The life of a Barcelona at war

Thousands of bombs fell on the capital of Catalonia during the Spanish Civil War. La Vanguardia wrote on 27 November 1938: 'For the space of 24 hours, bombs once again rained down on Barcelona. Ten consecutive times the aeroplanes of the fascist invaders massacred the civil population and produced hundreds of victims in central districts of the city, where no military target, factory or barracks could provide a pretext. Hundreds of victims, most of them women and children!' But despite the cruelty of a fratricide war in which, for the first time, the Italian air force bombed cities in order to see the effect of terror on the population, the people of Barcelona tried to overcome all the horror by attempting to cultivate a sensation of normality, which was more a public manifestation of clinging to life than an intimate determination to keep death at bay.

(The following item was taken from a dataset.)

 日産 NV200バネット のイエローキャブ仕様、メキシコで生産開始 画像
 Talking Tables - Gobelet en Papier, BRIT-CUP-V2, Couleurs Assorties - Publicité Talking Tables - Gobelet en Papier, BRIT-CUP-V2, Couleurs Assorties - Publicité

These photographs have never before been exhibited; they are taken from the archives of La Vanguardia newspaper which reproduced them between 1936 and 1939. They belong to a time of war in which the newspaper was seized first by the Generalitat and then by the Government of the Republic; this is, then, obviously material that was censored by the authorities. Looking at these photographs, we cannot help remembering recent images of the markets of Baghdad and the streets of Basra, with people trying to recover the usual pace of the passing of the days before their pulse rate was once again accelerated by the explosion of bombs.